- _WHAT TO DO_: The records that follow should be returned exactly, pictures excluded.

- _STUDY MATERIAL_:

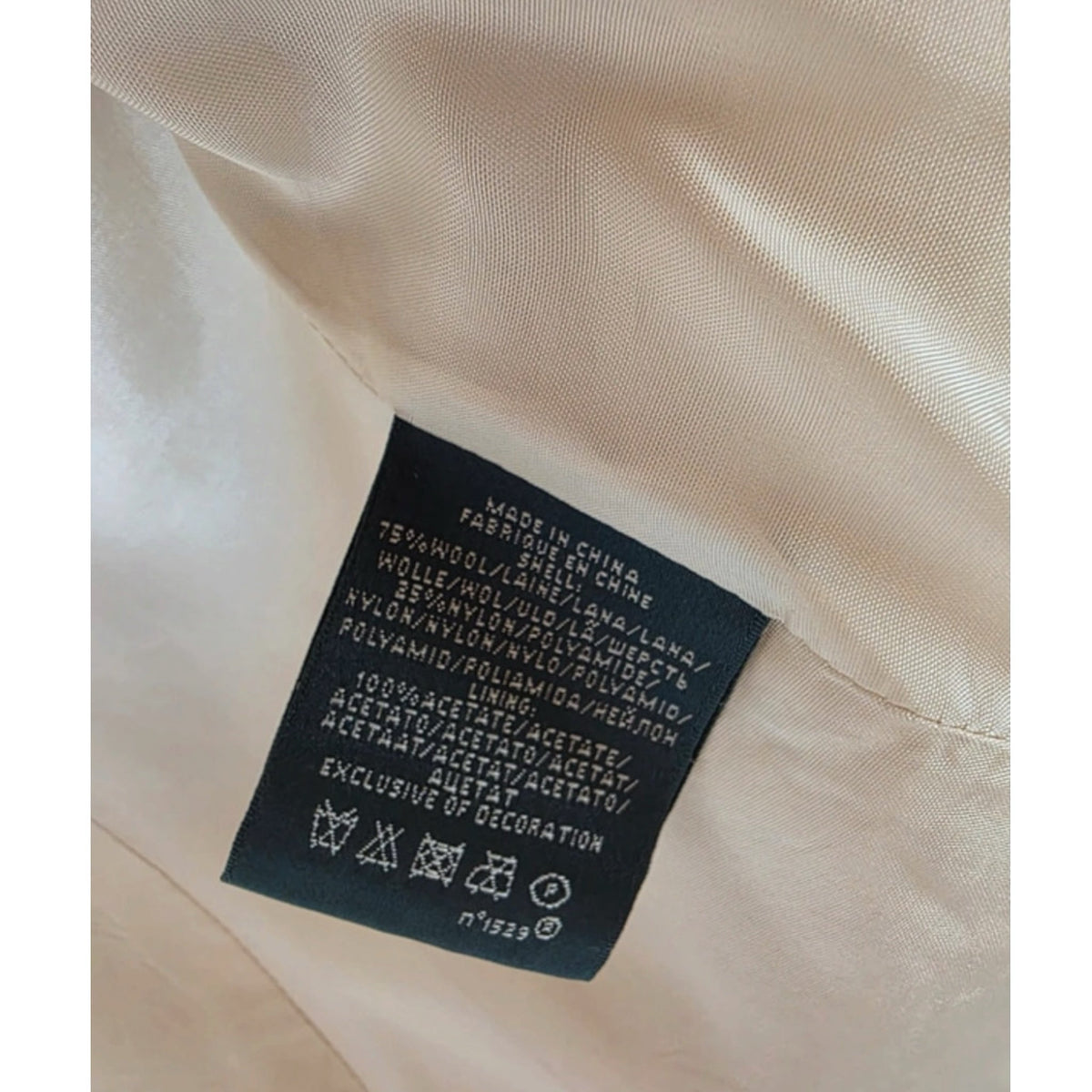 Fivedotsvintage LAUREN Ralph Lauren blazer interior care label showing wool and nylon blend fabric composition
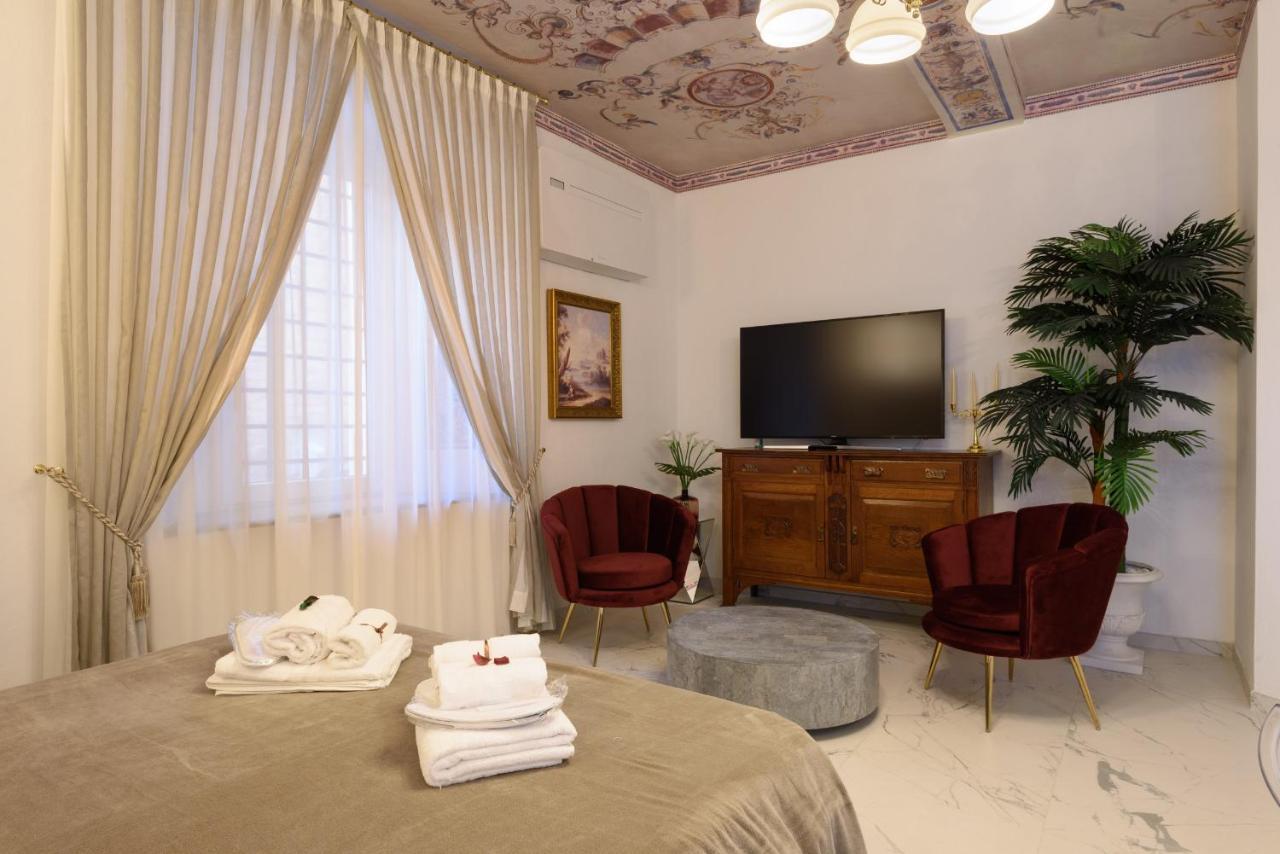 Domus Nannini Spa - L' Arco Di Matteotti Sienne Extérieur photo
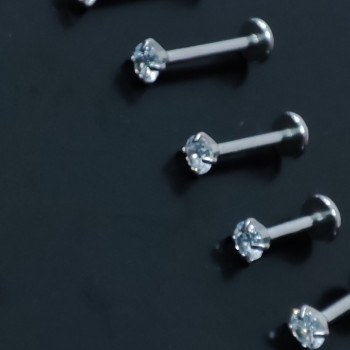 Лабрети для пірсингу різних розмірів
  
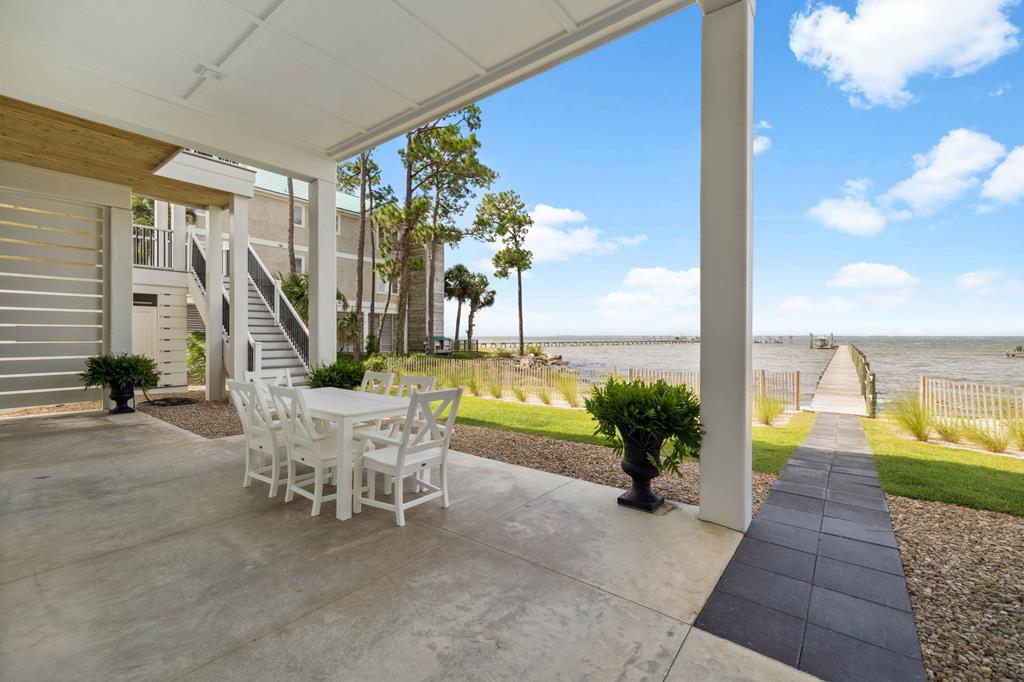 St. George Island, Florida, 32328, United States, 5 Bedrooms Bedrooms, ,6 BathroomsBathrooms,Residential,Active,1943705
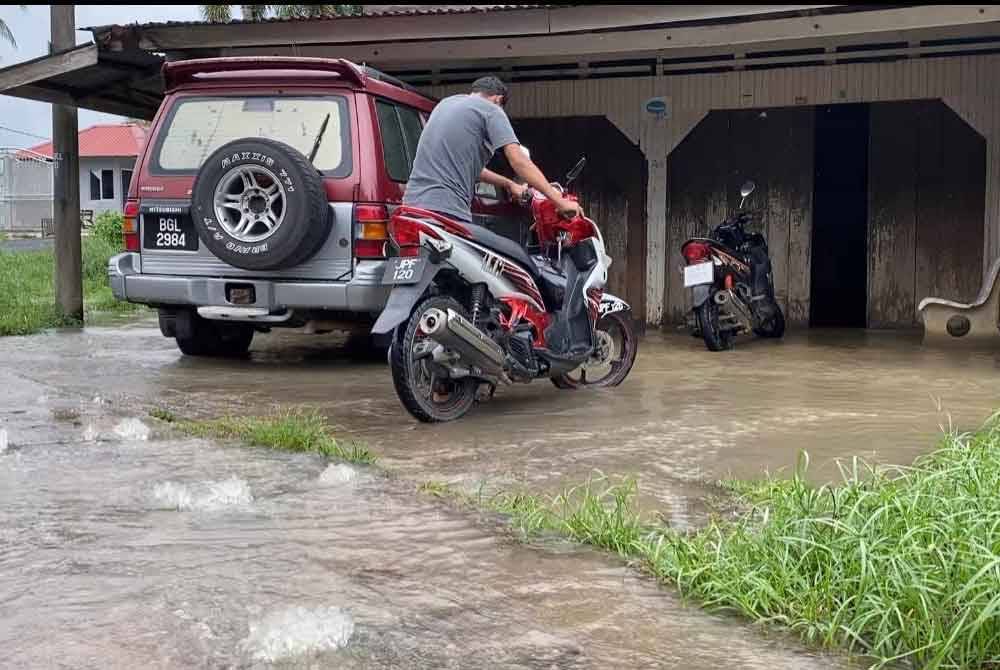 Limpahan air Sungai Golok mulai memasuki kawasan kediaman penduduk di Rantau Panjang.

- _SOLUTION FOR THIS PROBLEM_:
 Fivedotsvintage LAUREN Ralph Lauren blazer interior care label showing wool and nylon blend fabric composition
 Domus Nannini Spa - L' Arco Di Matteotti Sienne Extérieur photo
 Лабрети для пірсингу різних розмірів
  
 St. George Island, Florida, 32328, United States, 5 Bedrooms Bedrooms, ,6 BathroomsBathrooms,Residential,Active,1943705
 Limpahan air Sungai Golok mulai memasuki kawasan kediaman penduduk di Rantau Panjang.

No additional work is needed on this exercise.